Yet again, banks bite the small fish

Charges on certain transactions is the banks’ latest wheeze to extract cash from account holders. Consumer activists say this is the beginning of the end of free banking and want banking regulator RBI

Charges on certain transactions is the banks’ latest wheeze to extract cash from account holders. Consumer activists say this is the beginning of the end of free banking and want banking regulator RBI to intervene. But the latter’s inaction indicates this particular salami slicing isn’t out of turn. Truth is, it costs a bank to maintain and service accounts, and the ugly reality is, we never had a free bank account. We have been paying for a legion of things from non-maintenance of minimum balance, account closure, cheque book requisition, duplicate account statement, and so on.

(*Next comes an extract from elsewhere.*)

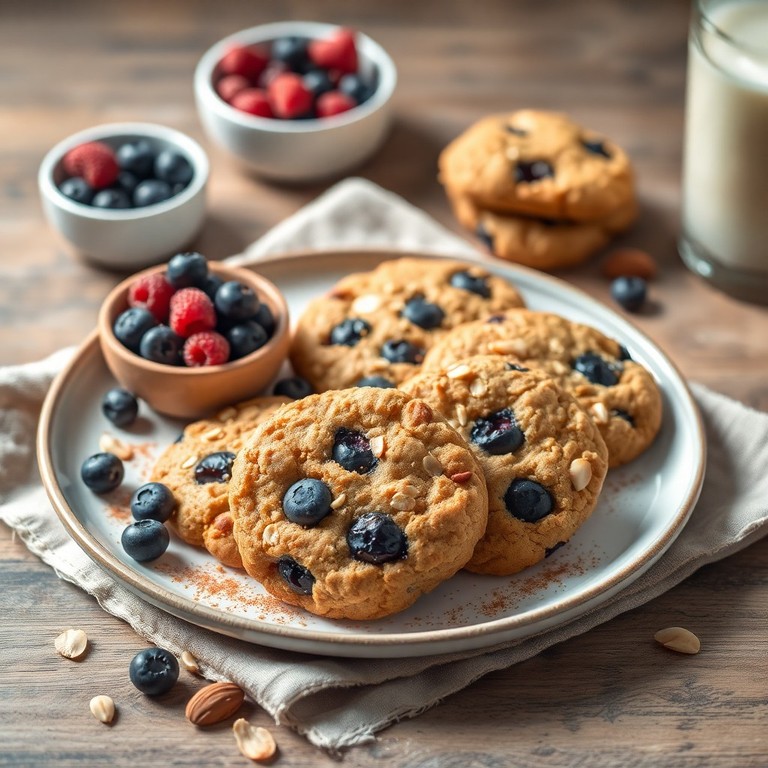 Proteïne Ontbijtkoekjes met Havermout en Bessen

It’s possible some charges were waived as banks were building size and some transaction costs were subsidised. But charges always existed and this bit of financial arcana has passed over our heads. Now that banks have their size, they seem to be thinking only one thing: If customers are paying for postage and packing while shopping online, why not for all our services? Even in developed countries, there’s no free banking and levying a fee is reasonable and proportional to the transaction cost. But such fee is tolerable due to superior service. Take Canada, where each account holder has a professional personally assisting, and establishing a relationship, unlike our grumpy tellers or the irritable IVR system.

For years, banks have lent unsustainable amounts to people like Vijay Mallya and lost out sorely. Shouldn’t banks go after them recovering what’s rightfully theirs, instead of biting the small fish and imposing ‘nominal’ fee to make money? In this looming cost vs income battle, it’s the consumers who are put in the crosshairs once again, not big, risky borrowers or wilful defaulters. Bankers say these charges compel customers to go cashless. The bottom line is, consumers end up with the worst of both worlds: Paying for accounts but slapped with unfair charges, opaque products, poor service, when actually, the price of banking, be it physical or digital, should put them squarely in the middle.